## Exercise input
^^^^
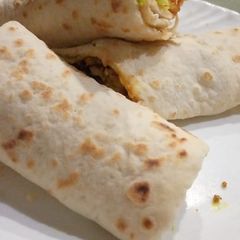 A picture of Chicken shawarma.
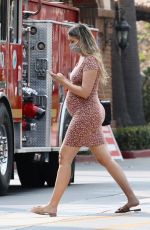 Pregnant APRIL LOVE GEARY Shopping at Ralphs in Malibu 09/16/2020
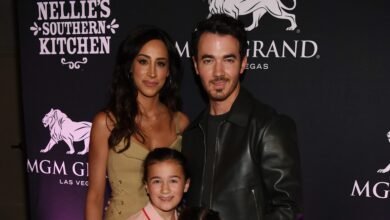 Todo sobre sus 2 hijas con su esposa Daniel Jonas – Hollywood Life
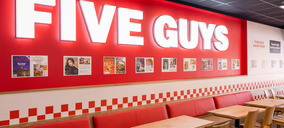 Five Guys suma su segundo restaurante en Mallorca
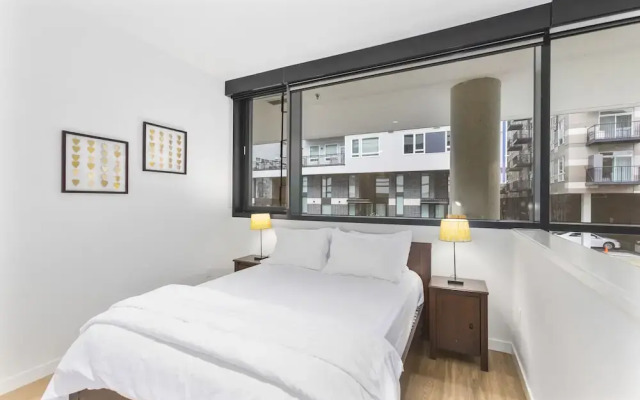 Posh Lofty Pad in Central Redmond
^^^^
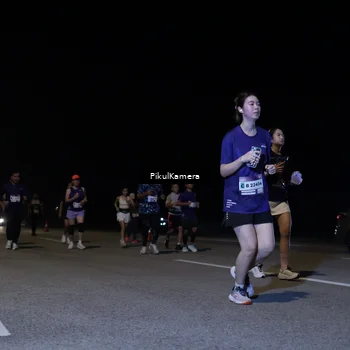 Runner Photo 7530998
^^^^
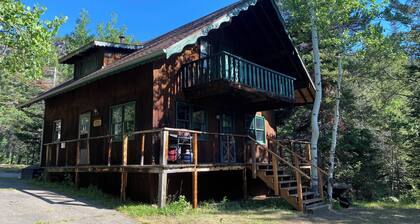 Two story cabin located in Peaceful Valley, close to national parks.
^^^^
Of the records above, print only the lines from the one containing "Five Guys suma" through the one containing "Posh Lofty Pad in Central Redmond", inclusive and unaltered, leaving out pictures.

## Final answer
 Five Guys suma su segundo restaurante en Mallorca
 Posh Lofty Pad in Central Redmond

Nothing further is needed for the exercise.